Turkey has a history of hostility toward both the Kurdish people and the left. They have viewed the success and territorial administration of the PYD and YPG as threatening to the Turkish national interest. Indeed, Turkey incorrectly classifies the PYD and YPG as “terrorist” organizations, vowing to remove them from Syria altogether. Meanwhile, there are strong ties between Turkey and IS, as well as a long history of Kurdish persecution by the Turkish, Iranian, and Iraqi states.
Given all of this, the YPG request for assistance from Syrian government forces should not be surprising.
Assad’s government has subsequently reinforced Manbij, with Turkish forces still gathering. This may put a buffer between Turkey and YPG forces, indefinitely postpone a Turkish Manbij offensive, and possibly narrow Turkey’s presence in Syria going forward. Turkey and the Syrian government, mediated through Russia, are currently in discussions.

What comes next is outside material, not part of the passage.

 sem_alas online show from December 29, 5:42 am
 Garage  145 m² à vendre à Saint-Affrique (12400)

Accounting for the attitudes of Russia and the Syrian government toward the PYD, as well as negotiations started in July 2018, the DFNS may still be able to secure a more permanent situation for itself as the war winds down.
Facing public and political pressure, two high-profile resignations, and opposition within military and GOP circles, the Trump administration has wavered on troop withdrawal. The initial 30-day timeline was extended to four months. The latest reports indicate an indefinite timeline and conditions for any withdrawal. This marks a 360-degree political spin for the Trump administration, returning things to the original situation. However, the initial “30-day” announcement set in motion a process of realigning political forces that will continue regardless of the shifting U.S. position.

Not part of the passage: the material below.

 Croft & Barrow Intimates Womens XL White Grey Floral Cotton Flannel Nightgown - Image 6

Statements this week from Pompeo and Bolton indicate that guarantees of safety for the Kurdish are needed from Turkey prior to any U.S. troop withdrawal and that, even after “withdrawal” some U.S. forces will stay to offset Iranian presence in the country. Of course, this will anger both Turkey and Iran.

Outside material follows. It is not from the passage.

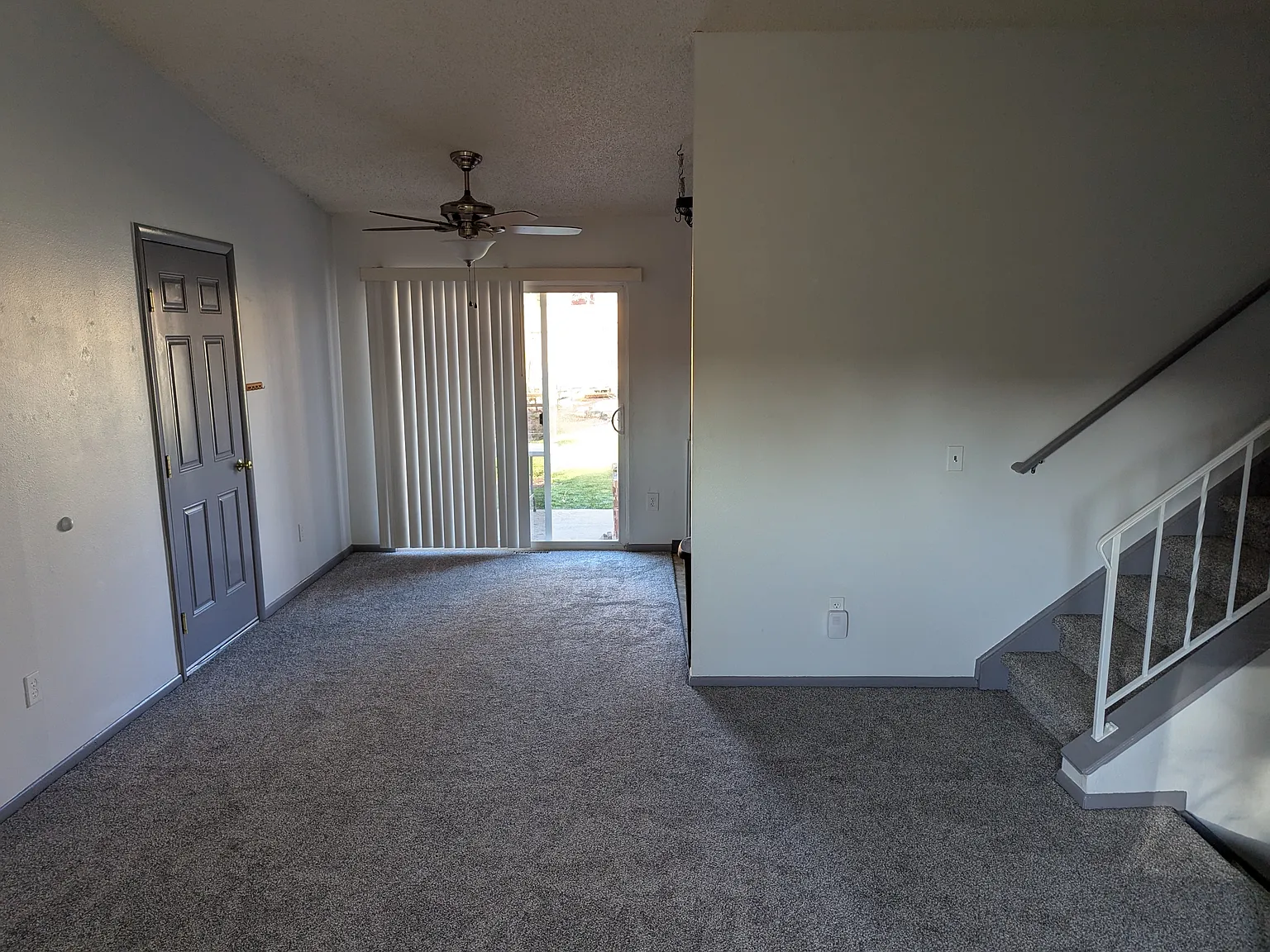 3 bed, 1264 sqft, $2,575 — Photo 3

Because of the U.S.’ confused policy, the PYD and YPG, in requesting Syrian government assistance and pursuing ongoing negotiations, have moved closer to Assad and Russia. This will be a vital relationship, as it will determine the conditions under which the Democratic Federation of Northern Syria will be integrated into the larger country.
Turkey is a bad actor in the Syrian war from any of the major sides. They have been reluctant to allow U.S. and other NATO countries to use Turkish bases and often refuse to work with NATO forces. Meanwhile, Turkey has shot down a Russian jet and called for Assad’s ouster even as they attempt to warm to Russia. Lastly, Turkey has actively supported the Islamic State and other Islamic fascist groups.
The situation in Syria is so complex in part because the rulers of the major forces–Donald Trump, Vladimir Putin, Erdoğan–engage in a brutally pragmatic politics. Though all can be considered on the “right” politically, they are guided not by ideology, but by the retention, perpetuation, and exercise of power. As such, the “nationalism” and far-right “populism” of these strongmen are actually pragmatic calculations made for the retention of power.
This helps to explain what often looks to be erratic policy from these rulers: Rather than political, ideological, or even theological consistency, they sow confusion and juggle and manipulate competing interests in order to maintain power. Ideological, ethical, or philosophical commitments are only good as long as they are politically expedient. All of this helps to create and reinforce the “post–truth” moment of the geo-political landscape.
The relativism and pragmatism coming into vogue today amounts to an asymmetrical, guerrilla war on truth, coherency, ethics, and ideals. To oppose it is to be unwaveringly factual, with nuanced and intricate analysis, and steadfast (though not dogmatic) in our ethics and ideals. If knowledge is power, regimes upheld through ignorance must end in impotency.